Wrox Programmer Forums
|
SQL Server 2000 General discussion of Microsoft SQL Server -- for topics that don't fit in one of the more specific SQL Server forums. version 2000 only. There's a new forum for SQL Server 2005.
Welcome to the p2p.wrox.com Forums.

You are currently viewing the SQL Server 2000 section of the Wrox Programmer to Programmer discussions. This is a community of software programmers and website developers including Wrox book authors and readers. New member registration was closed in 2019. New posts were shut off and the site was archived into this static format as of October 1, 2020. If you require technical support for a Wrox book please contact http://hub.wiley.com
 
Old March 30th, 2007, 08:23 AM
Friend of Wrox
 
Join Date: Jun 2003
Posts: 839
Thanks: 0
Thanked 1 Time in 1 Post
Default

No harm, no foul.

I said it was morning for me, and I can be a little slow on the uptake then. Unfortunately, forum postings can all too easily be misinterpreted as to intent, so I just want to ask.

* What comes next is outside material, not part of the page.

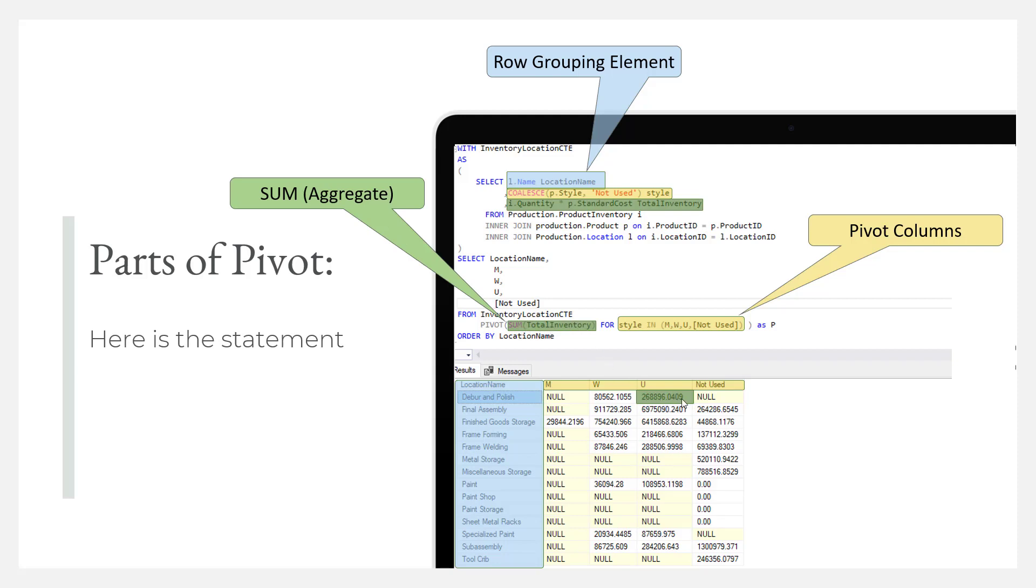So really, the idea here wasn't to go in and show you how to write the statement. I wanted to make you aware of the statement, and hopefully you now have an appreciation of what the pivot statement is, the major pieces that put it together. And if you want to learn more about this, I have some information on my website.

Anyway, this question of "string aggregation" ought to be in a FAQ somewhere. It gets asked a lot.

I've never really understood why. The resultset violates normalization rules (which is sort of OK since a resultset isn't a table), but more to the point it is really a presentation issue which properly belongs in the client code, IMO. If you approach it that way, all the concern over ordering and cursors and using undocumented features just evaporates...

Jeff Mason
Custom Apps, Inc.
[email protected]
 
Old March 30th, 2007, 11:20 AM
Friend of Wrox
 
Join Date: Aug 2004
Posts: 385
Thanks: 0
Thanked 0 Times in 0 Posts
Default

Can't agree with this comment:
"there is no guarantee that the returned rows will be in the order of the clustered index"
If you have a clustered index and you order by the clustered index when you select the data the retrieveal is most efficient and it will be in order.

 
Old March 30th, 2007, 12:10 PM
Friend of Wrox
 
Join Date: Jun 2003
Posts: 839
Thanks: 0
Thanked 1 Time in 1 Post
Default

Quote:
quote:Originally posted by robprell
 Can't agree with this comment:
"there is no guarantee that the returned rows will be in the order of the clustered index"
If you have a clustered index and you order by the clustered index when you select the data the retrieveal is most efficient and it will be in order.
My comment was in regards to the string aggregation query, but in fact applies to any query. Your statement is correct as long as you "...order by the clustered index...".

In fact, if you ORDER BY anything, you are guaranteed that the resultset will be in that order, and that has nothing to do with any index.

Conversely, if a query has no ORDER BY clause, then you cannot guarantee that the resultset is in any particular order.

It happens that the optimizer will be greatly influenced by the presence of an index, but it may in fact choose not to use it if it thinks another plan is more efficient. It is dangerous to depend on empirical observation and side-effects: that the optimizer will always give you results in a particular order just because every time you run it, you see those results in that particular order.

The fact is that only way to guarantee a specific order is to state you want it that way.

The question is in regard to this query:

SELECT @stringvar = @stringvar + ', ' + somecolumn
FROM sometable
ORDER BY someclusteredindexcolumn

In point of fact, that ORDER BY clause will have absolutely no (guaranteed) effect on the order of the strings as the concatenation is being done. This is because (in effect) an ORDER BY clause is the very last operation that is performed on a resultset.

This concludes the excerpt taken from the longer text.